True. Though a lot of tech people value libre software to some extent, so morals can often come into play. Even for something as simple as a text editor.
Contrary to the other replies to you I think that most people do "make choices based on values" but the crucial problem is "given enough information".
Remember that everyone of us is in an information bubble. We constantly filter out unimportant information based on our experiences.
If you are using Emacs and encounter a new problem you will first try to solve it with the tools you are used to (if you have a hammer, everything looks like a nail).
Finding new sources of information to change our filters is hard. Think back to the last time you came to a completely new technology and how lost you feel until you get a good grasp about it and how much of an uphill battle this can be.
The sunk cost fallacy runs deep there as well. Going back to something you know already well enough is often a tempting option.
So I view a difference here between choosing a tool and designing a tool.
As a user/consumer, sure, you mostly decide pragmatically. Though values do come into play. For instance, if you value extensibility over approachability, you might be ok choosing a more complex tool even if it is more difficult to use at first.
But if you're building or designing a tool and you're making trade-offs, your values end up defining what you design and build.
I don’t have any values that would affect the cereal I buy. I’m not even sure what values would come into play. I don’t buy cereal that isn’t magically delicious? I just buy whatever is cheapest. Is not having much money a value?
Other than Richard Stallman, I don’t think I’ve ever heard anyone talk about how their personal values determine what software they will use. If I can afford it (free is better!) and it does the job, I use it.
I can't say I choose based on values, but I can give you an example of what people may mean by choosing based on values.
Apparently a Nestlé representative recently declared that if a law that requires large corporations to disclose and to stop getting raw materials from suppliers which use forced labor (i.e. slavery) passes, coffee customers might be impacted, probably by higher coffee prices. It's at best a clumsy statement and at worst an endorsement of slavery (!), all for reducing coffee costs by probably a few percent.
A moral choice, based on values, would be to never buy coffee from Nestlé brands and instead buy from companies that guarantee that their suppliers don't use forced labor.

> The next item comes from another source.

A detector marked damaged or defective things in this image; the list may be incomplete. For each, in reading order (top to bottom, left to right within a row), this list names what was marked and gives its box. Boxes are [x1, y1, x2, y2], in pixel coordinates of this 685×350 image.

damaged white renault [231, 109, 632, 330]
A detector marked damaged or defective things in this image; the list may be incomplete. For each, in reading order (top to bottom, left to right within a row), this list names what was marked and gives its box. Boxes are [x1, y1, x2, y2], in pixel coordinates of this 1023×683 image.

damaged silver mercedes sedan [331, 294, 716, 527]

Yes, lowest cost is a value. But there are probably 5 or 6 cereals at the lowest price point at your local grocery store. Which one do you pick, and why? Whatever the answer is, reveals your values. (Even "the one at eye level" reveals the value of minimum energy expenditure)

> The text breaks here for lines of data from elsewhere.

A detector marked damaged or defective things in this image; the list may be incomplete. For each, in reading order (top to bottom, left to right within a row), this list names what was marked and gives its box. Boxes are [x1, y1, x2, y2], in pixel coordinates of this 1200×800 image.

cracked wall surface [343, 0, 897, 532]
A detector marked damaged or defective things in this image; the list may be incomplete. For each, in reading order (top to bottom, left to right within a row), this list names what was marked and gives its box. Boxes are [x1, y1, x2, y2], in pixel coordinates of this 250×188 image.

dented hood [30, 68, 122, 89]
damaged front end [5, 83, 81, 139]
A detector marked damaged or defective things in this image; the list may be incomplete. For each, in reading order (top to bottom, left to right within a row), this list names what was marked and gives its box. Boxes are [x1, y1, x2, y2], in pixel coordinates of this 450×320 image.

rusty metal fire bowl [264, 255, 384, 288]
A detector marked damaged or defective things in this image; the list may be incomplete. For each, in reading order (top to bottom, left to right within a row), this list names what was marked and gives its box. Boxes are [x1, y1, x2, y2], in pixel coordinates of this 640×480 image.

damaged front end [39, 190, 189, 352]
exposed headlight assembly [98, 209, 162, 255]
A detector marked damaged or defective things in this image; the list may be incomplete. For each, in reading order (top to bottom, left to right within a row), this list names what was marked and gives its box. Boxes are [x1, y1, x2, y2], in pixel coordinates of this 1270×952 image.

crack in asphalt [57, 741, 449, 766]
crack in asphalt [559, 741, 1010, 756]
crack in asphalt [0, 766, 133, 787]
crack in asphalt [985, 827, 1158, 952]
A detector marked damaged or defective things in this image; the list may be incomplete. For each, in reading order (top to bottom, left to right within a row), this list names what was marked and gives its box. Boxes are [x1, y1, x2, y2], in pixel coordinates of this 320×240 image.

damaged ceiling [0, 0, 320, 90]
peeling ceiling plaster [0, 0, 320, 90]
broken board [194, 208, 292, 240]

> If I can afford it (free is better!) and it does the job, I use it.
OK so one value is clear. But there are literally tens of software options that fit into those requirements. So why do you pick gdocs over libreoffice, or your workplace MS365 subscription?

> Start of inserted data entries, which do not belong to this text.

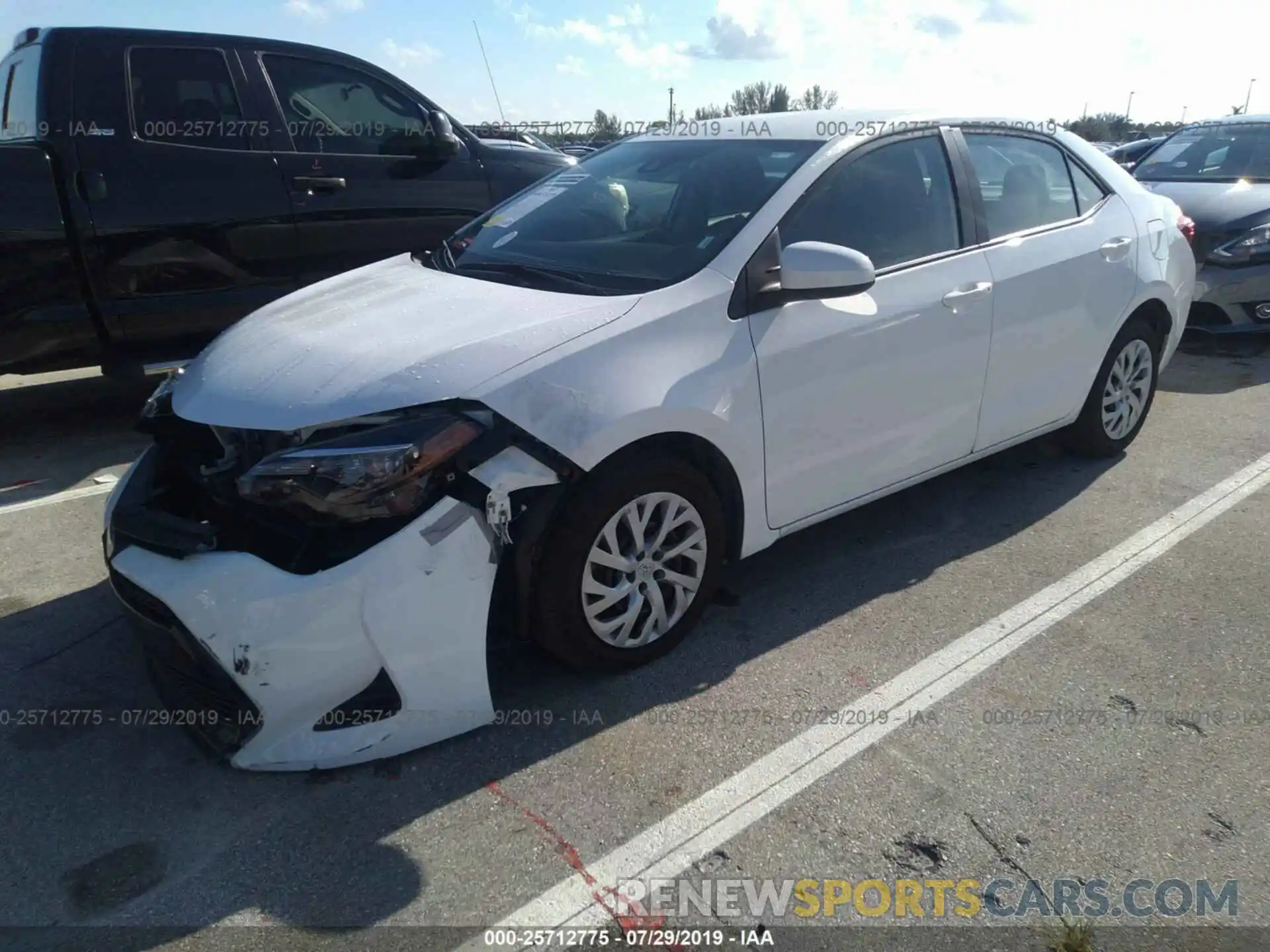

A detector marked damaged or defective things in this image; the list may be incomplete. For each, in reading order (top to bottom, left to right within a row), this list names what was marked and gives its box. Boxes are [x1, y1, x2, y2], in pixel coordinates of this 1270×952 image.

crumpled bumper [106, 442, 564, 772]
front-end collision damage [105, 397, 579, 772]
broken headlight [233, 410, 482, 524]
damaged hood [172, 253, 640, 431]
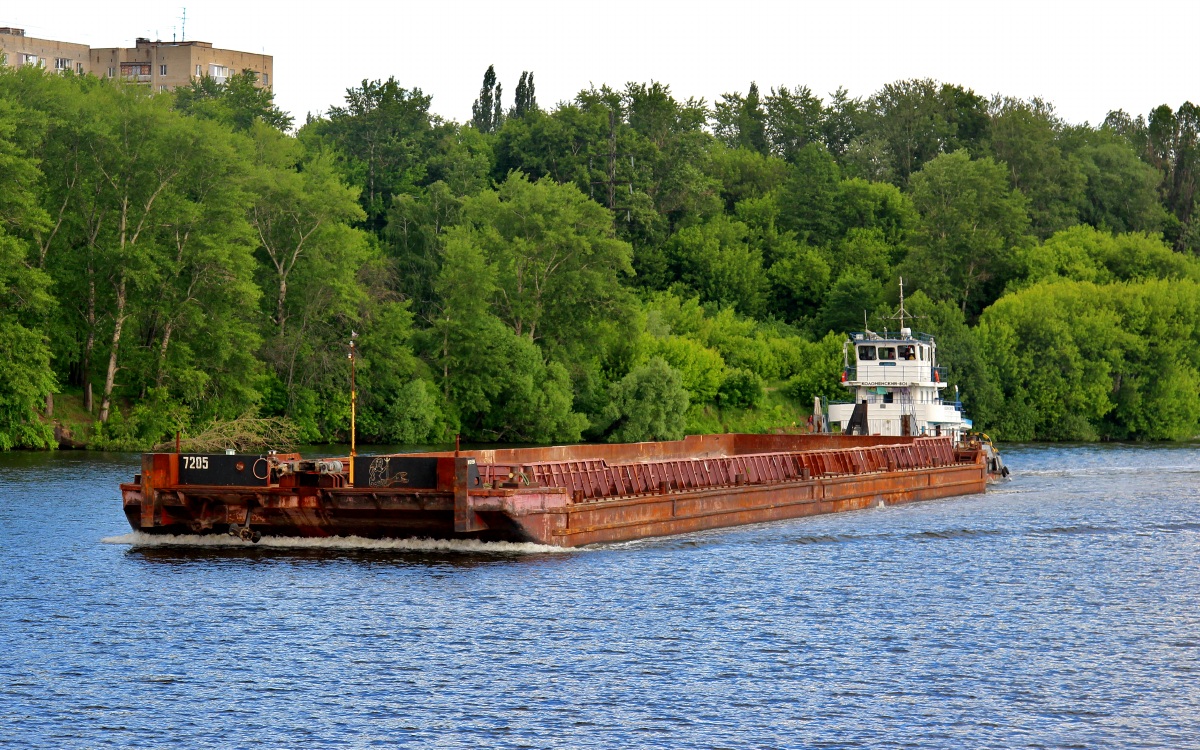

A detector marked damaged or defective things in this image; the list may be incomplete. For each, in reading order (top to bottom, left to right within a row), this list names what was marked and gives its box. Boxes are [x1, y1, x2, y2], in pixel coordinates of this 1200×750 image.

rusty river barge [122, 432, 992, 548]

Every choice you make is determined by your values, whether you're conscious of it or not. Very often, people think they hold one set of values (eg "i'm a vegetarian because I value animal life") but that is belied by their actions (eg wearing leather soled shoes). You can guess which one is a better indicator of their real values.
Easy. Whichever one has the most chocolate. All the cheap ones have a lot of chocolate? Buy them all! You can never have enough chocolate flavored cereal.
Most people are creatures of habit. Once they make a decision ("this is my brand of toothpaste") they tend to stick to that in spite of any new information.
This reminds me of a quote from Surely You're Joking, Mr. Feynmann!.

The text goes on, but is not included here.